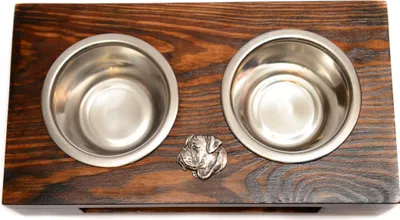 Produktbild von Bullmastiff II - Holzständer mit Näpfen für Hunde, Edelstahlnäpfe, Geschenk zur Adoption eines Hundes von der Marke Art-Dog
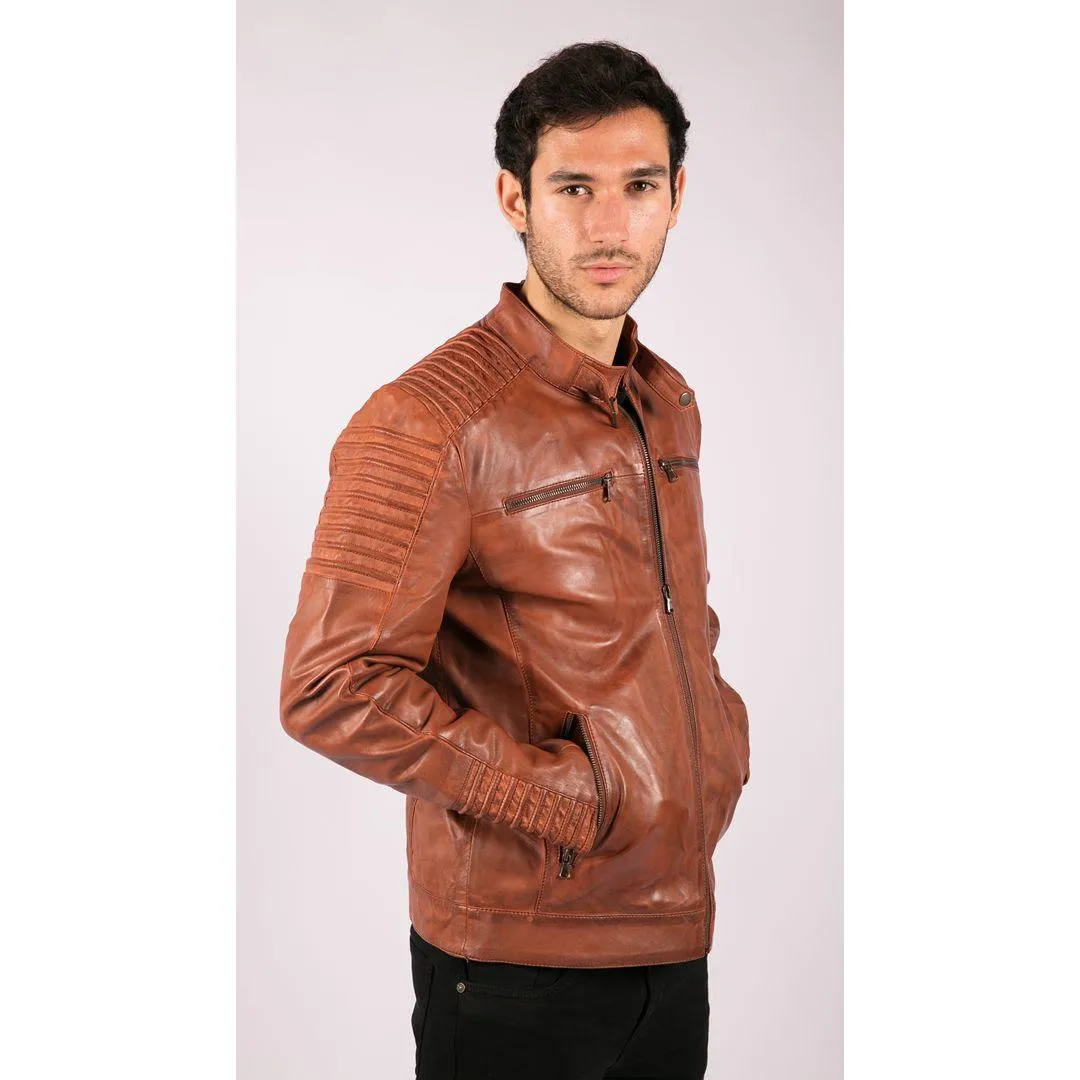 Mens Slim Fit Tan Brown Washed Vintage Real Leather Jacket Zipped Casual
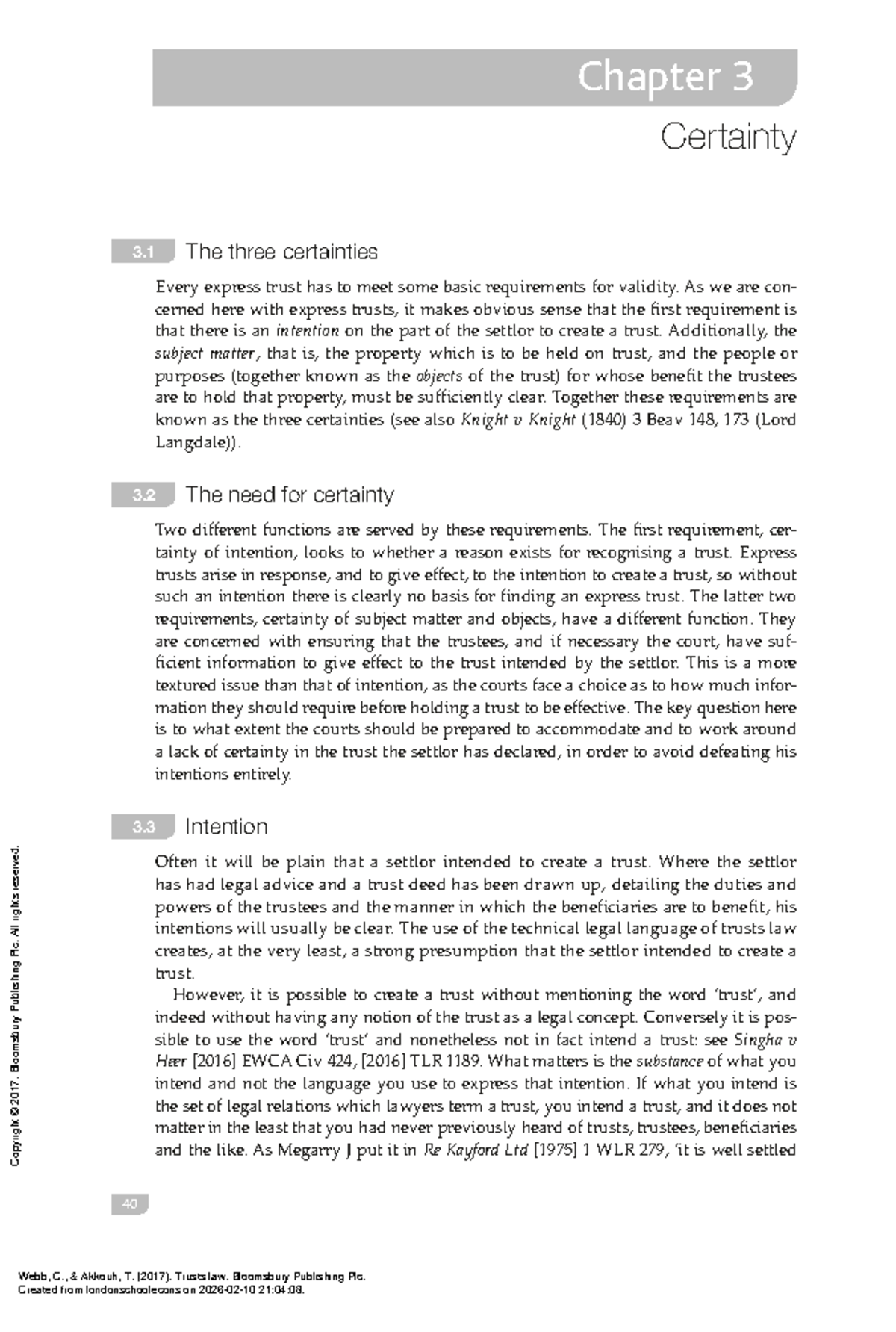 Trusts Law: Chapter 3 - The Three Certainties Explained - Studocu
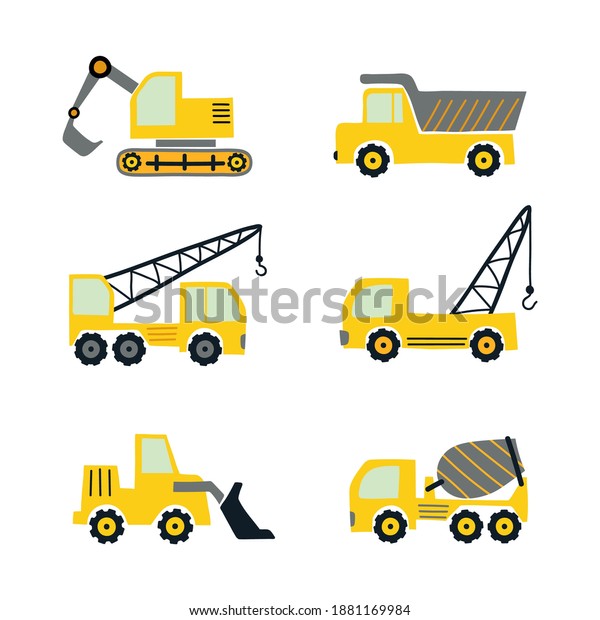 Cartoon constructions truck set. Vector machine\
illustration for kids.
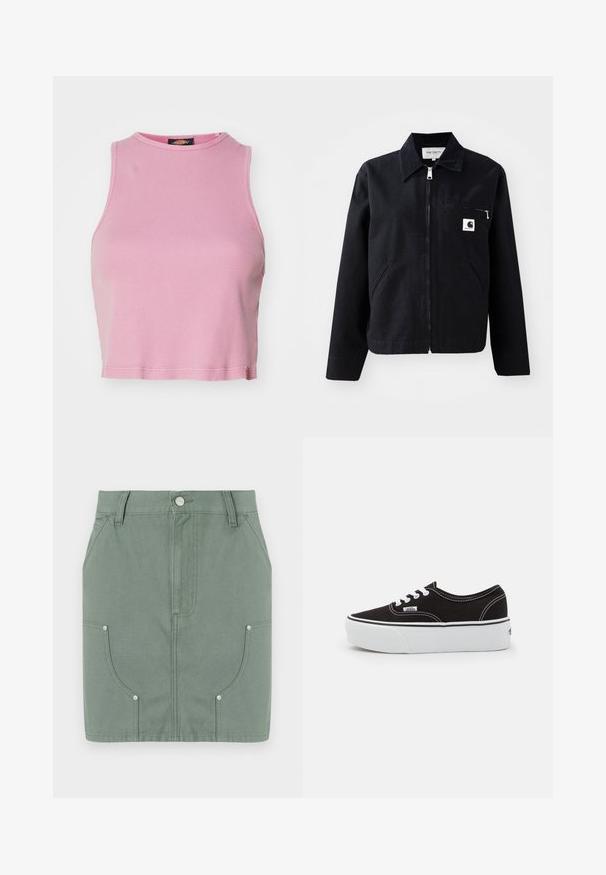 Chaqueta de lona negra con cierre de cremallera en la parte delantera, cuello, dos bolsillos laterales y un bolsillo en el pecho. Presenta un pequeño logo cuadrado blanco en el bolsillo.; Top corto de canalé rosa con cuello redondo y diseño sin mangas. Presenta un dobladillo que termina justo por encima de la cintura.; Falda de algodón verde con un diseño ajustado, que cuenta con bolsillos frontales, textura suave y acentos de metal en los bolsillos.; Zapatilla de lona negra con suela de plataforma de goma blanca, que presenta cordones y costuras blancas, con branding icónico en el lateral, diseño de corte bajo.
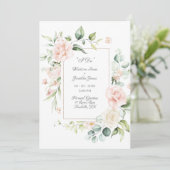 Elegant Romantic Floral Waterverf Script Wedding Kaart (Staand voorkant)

---

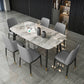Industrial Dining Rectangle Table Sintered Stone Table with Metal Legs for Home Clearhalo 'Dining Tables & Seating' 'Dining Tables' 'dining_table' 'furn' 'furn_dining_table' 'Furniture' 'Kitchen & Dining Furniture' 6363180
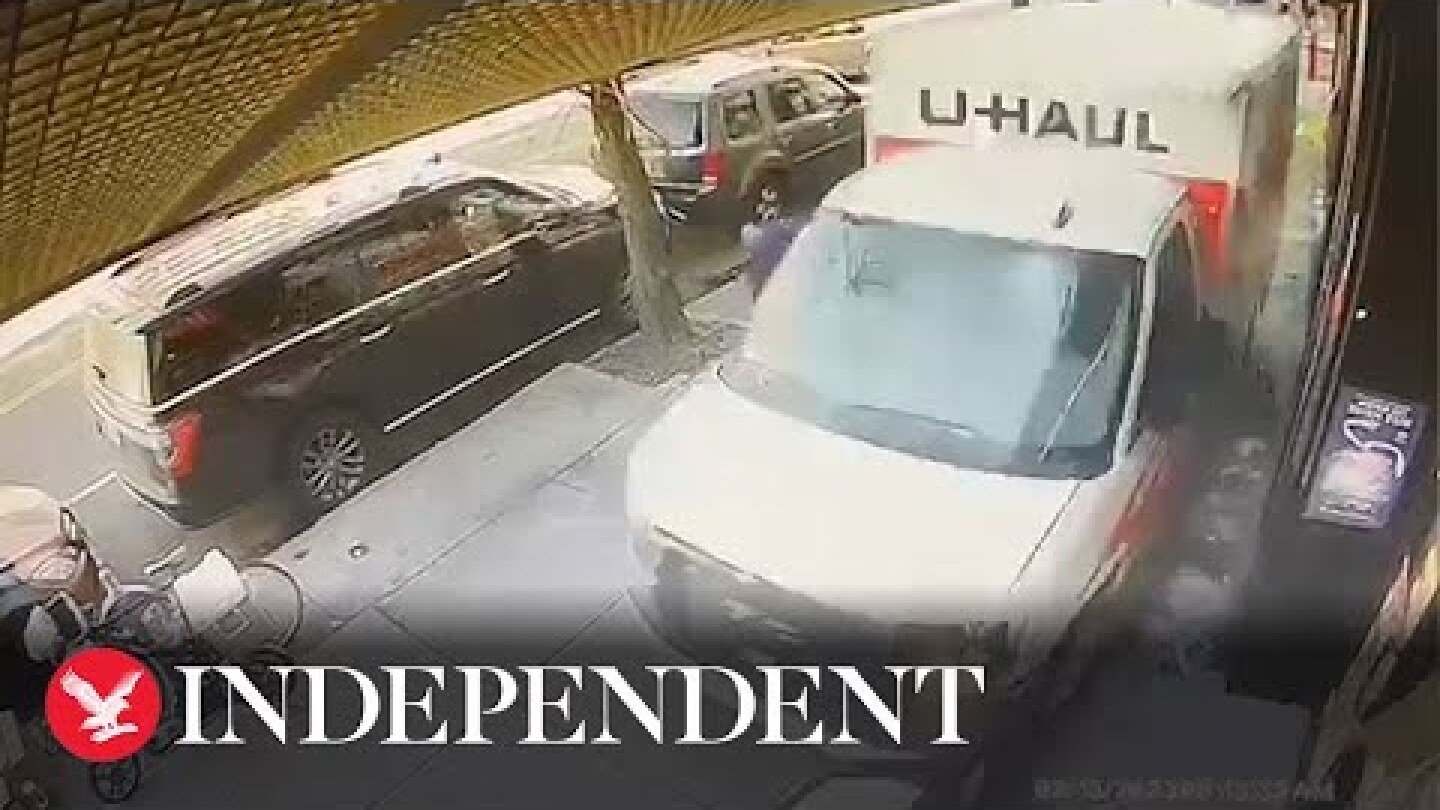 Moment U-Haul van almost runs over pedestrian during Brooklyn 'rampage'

* * *

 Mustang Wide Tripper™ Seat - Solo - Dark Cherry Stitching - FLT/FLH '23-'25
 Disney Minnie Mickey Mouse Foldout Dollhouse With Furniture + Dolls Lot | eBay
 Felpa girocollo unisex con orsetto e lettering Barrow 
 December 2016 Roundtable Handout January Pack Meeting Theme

**What to produce**
Repeat, character for character, the lines of the material above from the line with "Disney Minnie Mickey" through the line with "December 2016 Roundtable".

**Answer space**
 Disney Minnie Mickey Mouse Foldout Dollhouse With Furniture + Dolls Lot | eBay
 Felpa girocollo unisex con orsetto e lettering Barrow 
 December 2016 Roundtable Handout January Pack Meeting Theme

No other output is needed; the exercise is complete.